September 24th, 2018

Bar-shouldered dove - Geopelia humeralis

Known in the Queensland region as the bronze bar-shouldered dove is a small blue coloured dove, with an array of strongly metallic bronze feathers around the neck and front of their wings.

These birds are very rare and uncommon in NSW; however, in the tropics, they seem to be doing very well. I have seen quite a few getting about in the streets and parks. This little bird sitting on the woodchips and mulch in a garden is trying his best to get some food crumbs. I think he got the idea I needed a picture first.

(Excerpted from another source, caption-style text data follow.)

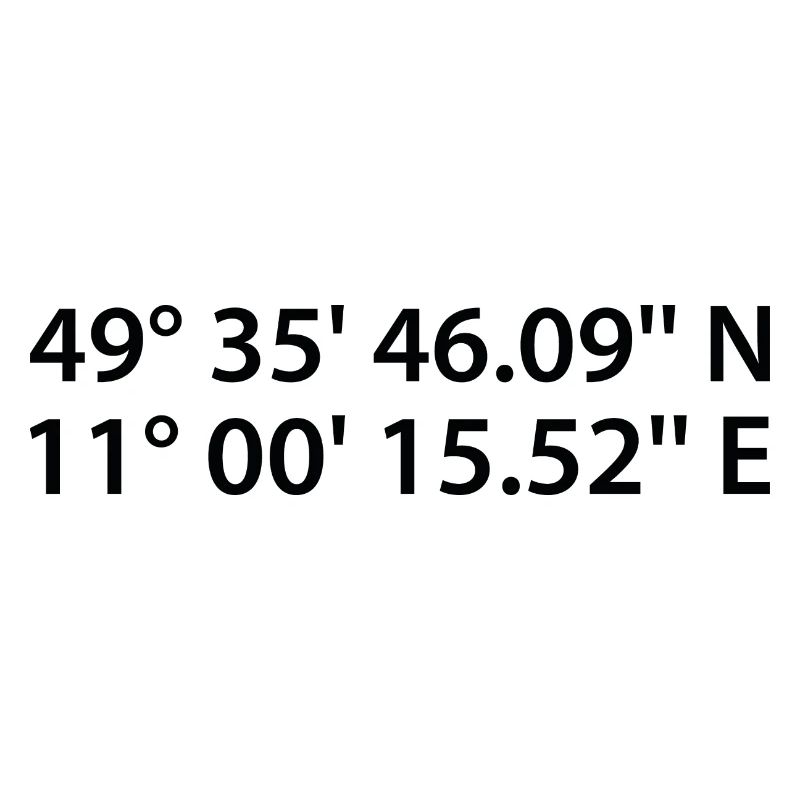 Erlangen Coordinates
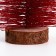 New Year's decor "Christmas tree in red color with sparkles" 8 × 8 × 20 cm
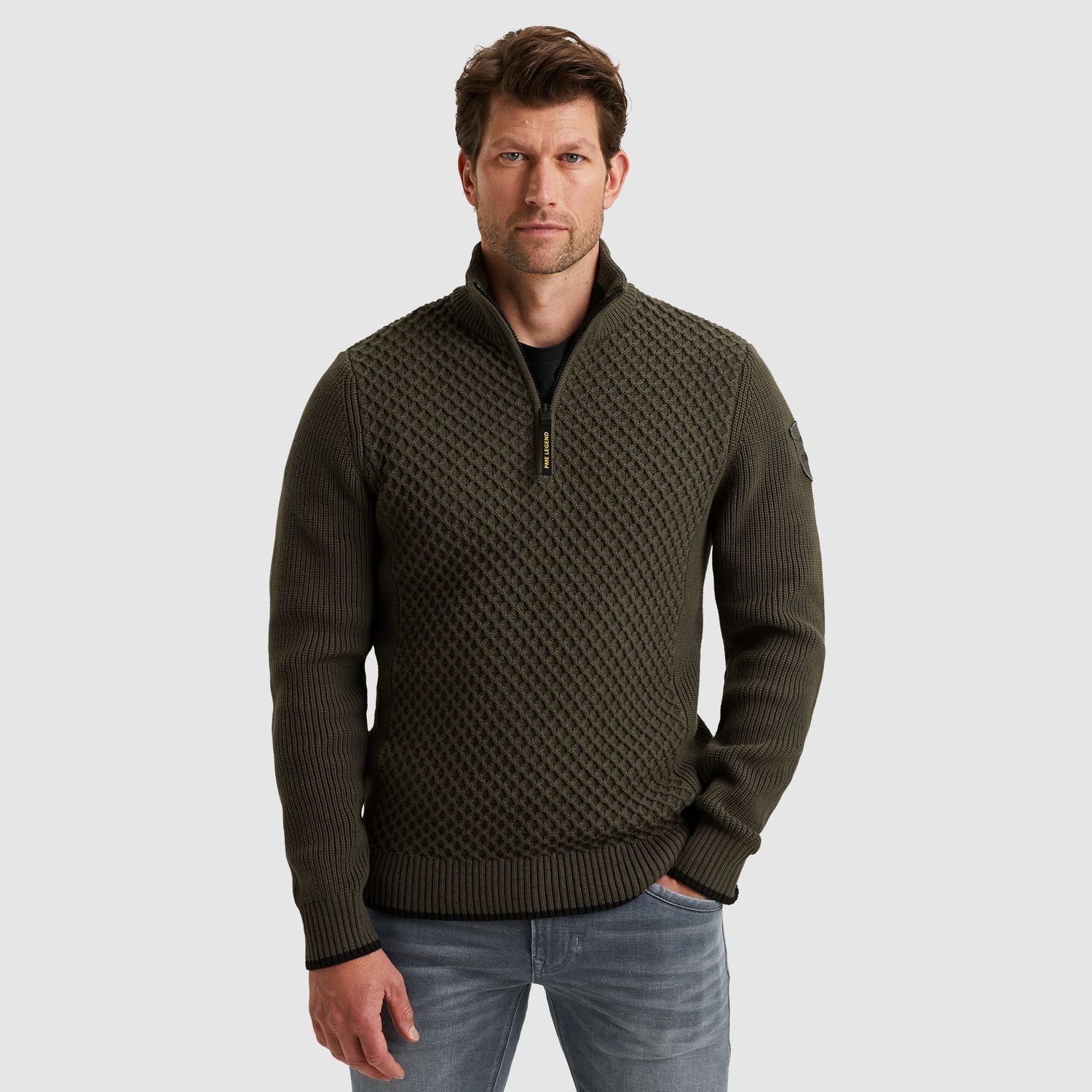 PME Legend | Trui met halve rits PKW2509324-8039
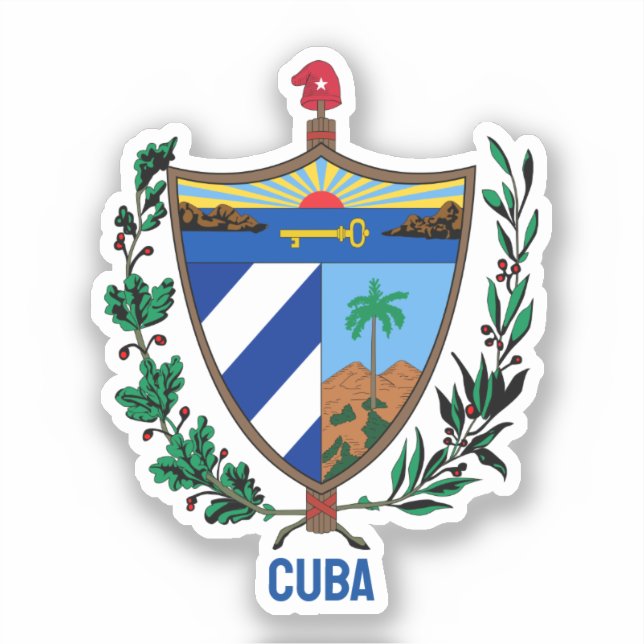 Sticker Armoiries de Cuba (Recto)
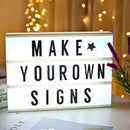 Luminária Criativa de Recados Quadro Iluminado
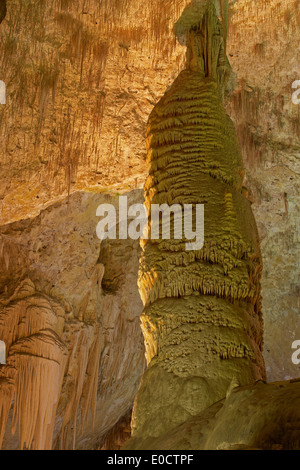 Carlsbad Cavern, Cave, Carlsbad Caverns National Park, UNESCO World Nature Site, New Mexico, USA, America Stock Photo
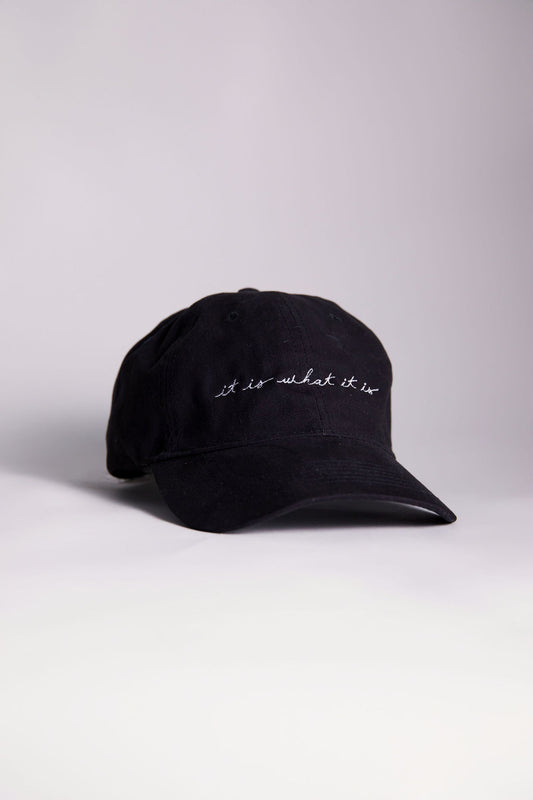 It is what it is Dad Hat - Onyx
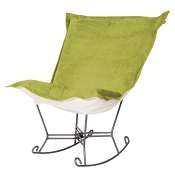 Chicago Textile Puff Rocker-Mojo Kiwi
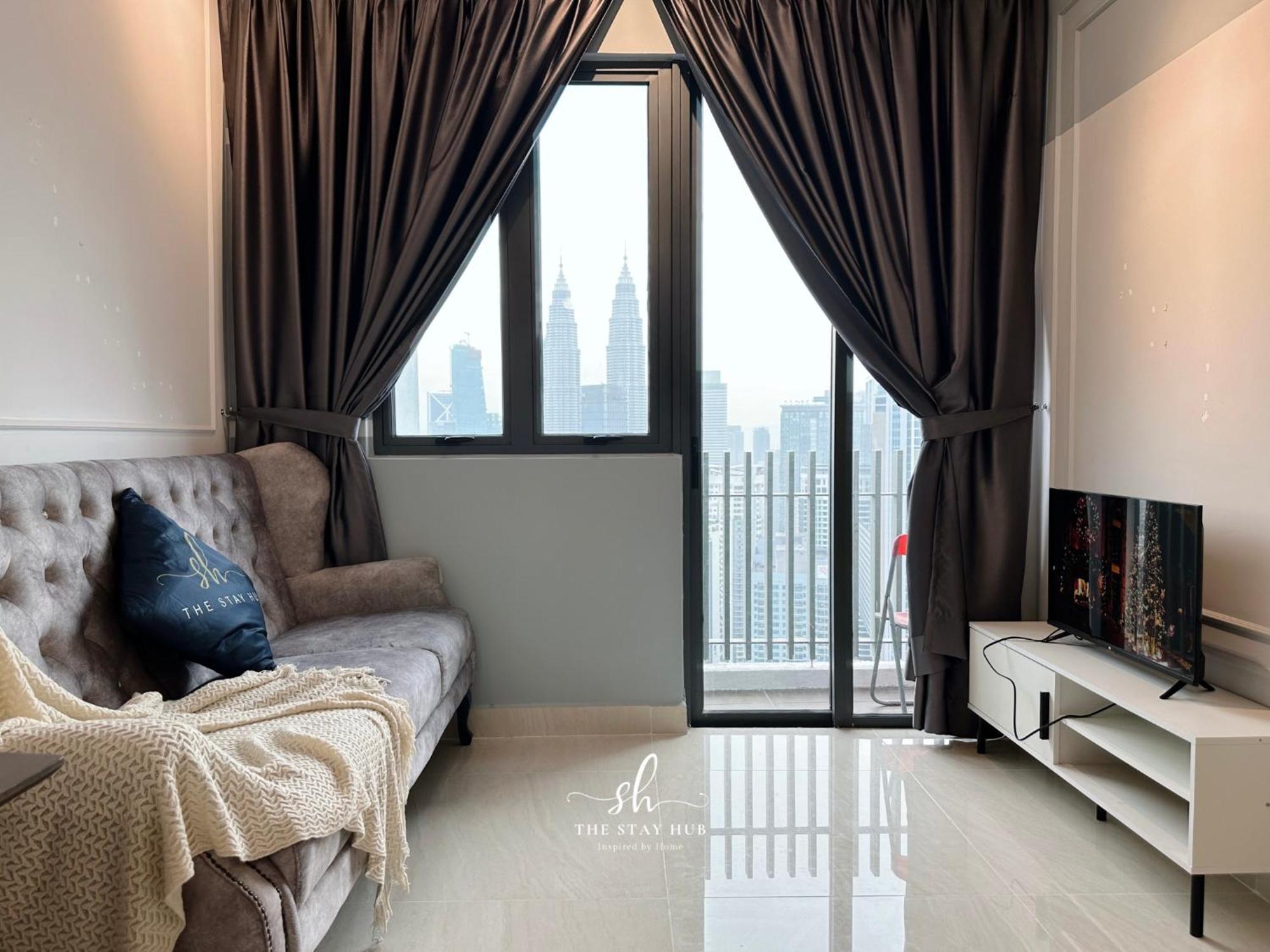 The Luxe Klcc View Sky Pool Leilighet Kuala Lumpur Eksteriør bilde
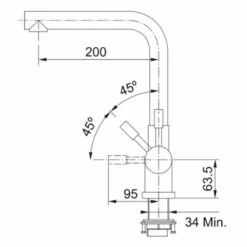 Franke Minerva Mondial 4-in-1 Electronic Kitchen Tap - Stainless Steel - 119.0532.227 5 Franke Minerva Mondial 4-in-1 Electronic Kitchen Tap - Stainless Steel - 119.0532.227 -Kitchen Series Shop franke minerva 1190532227 dimensions 1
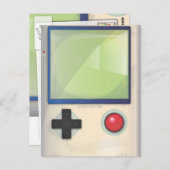 Handheld-Spielkonsole Postkarte (Vorne/Hinten)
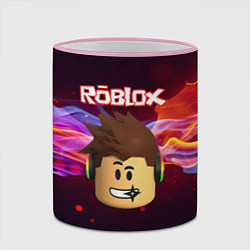 Кружка 3D ROBLOX, цвет: 3D-розовый кант — фото 2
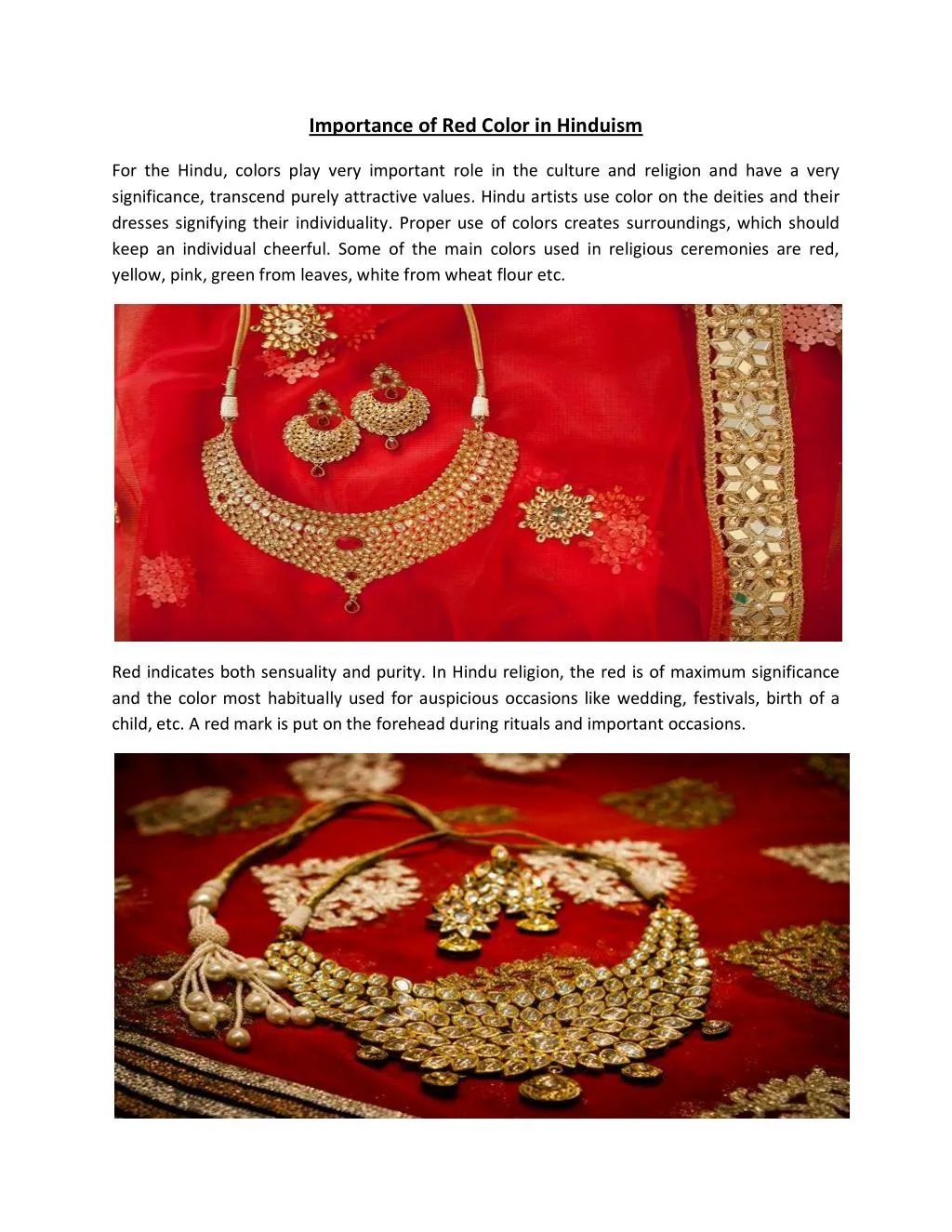 importance of red color in hinduism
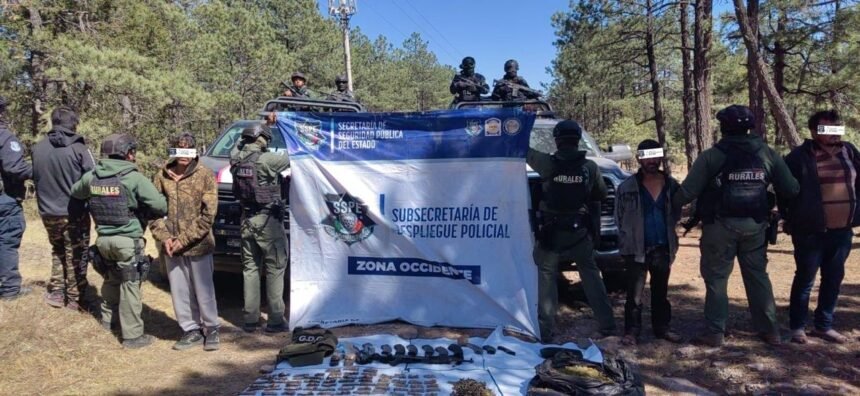 Arresta SSPE a grupo armado en Guadalupe y Calvo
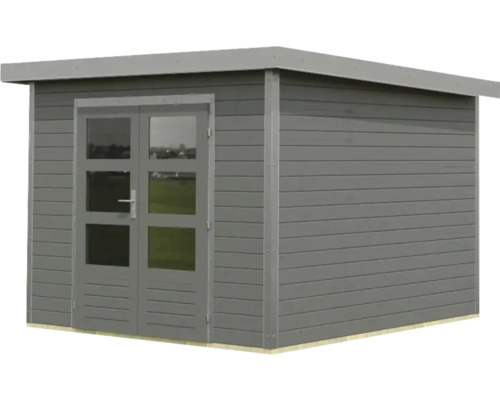 Gartenhaus mit Doppeltür und Fenstern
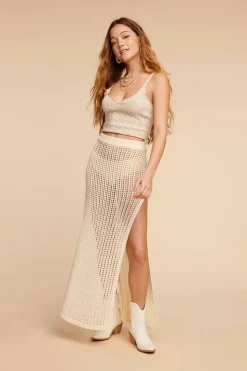 Crochet M-Slit Maxi Skirt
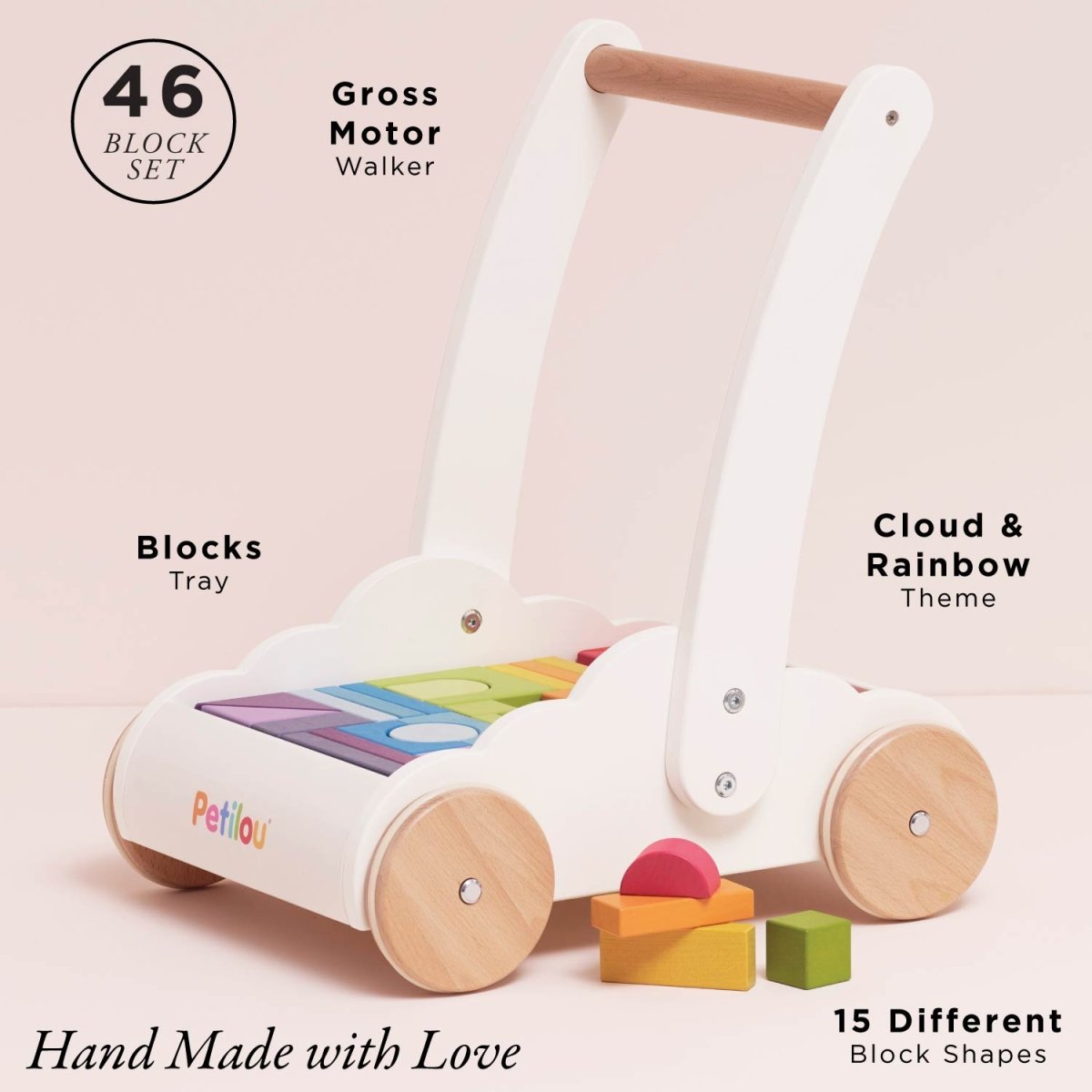 Rainbow Baby Walker & Puzzles – Educational Toys for children, available at Learning Bugs UK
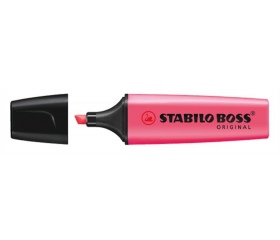 Stabilo Szövegkiemelő, 2-5 mm, "Boss", rózsaszín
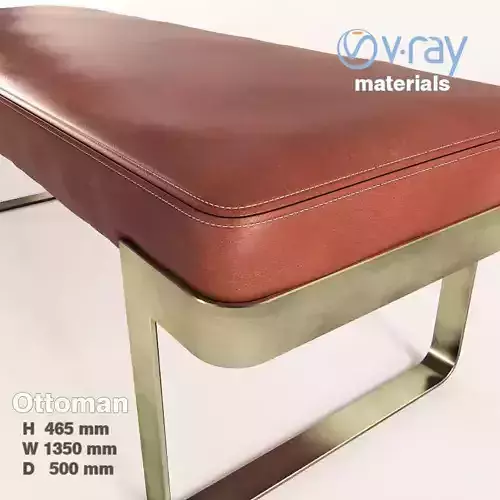 Leather bench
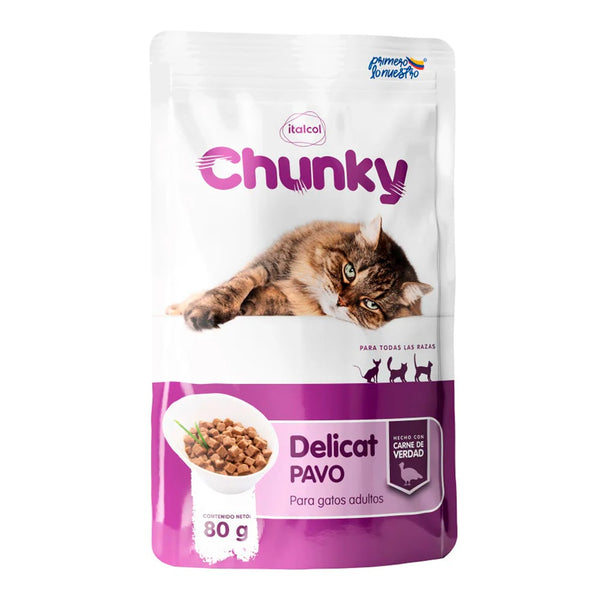 Chunky Delicat Trozos Pavo 80 Gr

Uniquely these birds have a blue beak, and a yellow eye colouration. They are quite strange at first, as you don't expect to find blue pigeons or doves. However, after some time I found them to be good company. They are a medium sized bird, and make a soft extended cooing noise. Although a bit different to what I am used to, they are quite a special bird.

These birds have a number of factors though that make them a protected species. The birds are at risk to toxoplasmosis due to exposure to cat faeces mainly because they prefer to feed on the ground. Because they feed and walk around on the ground, they are actually at risk of being eaten by the cats too. Unlike curlews, these birds will sleep in trees and away from harm, but their numbers have declined due to feline activity. Thankfully there is a conservation effort to keep feral cat numbers down, for the better good of keeping native birds safe from being eaten.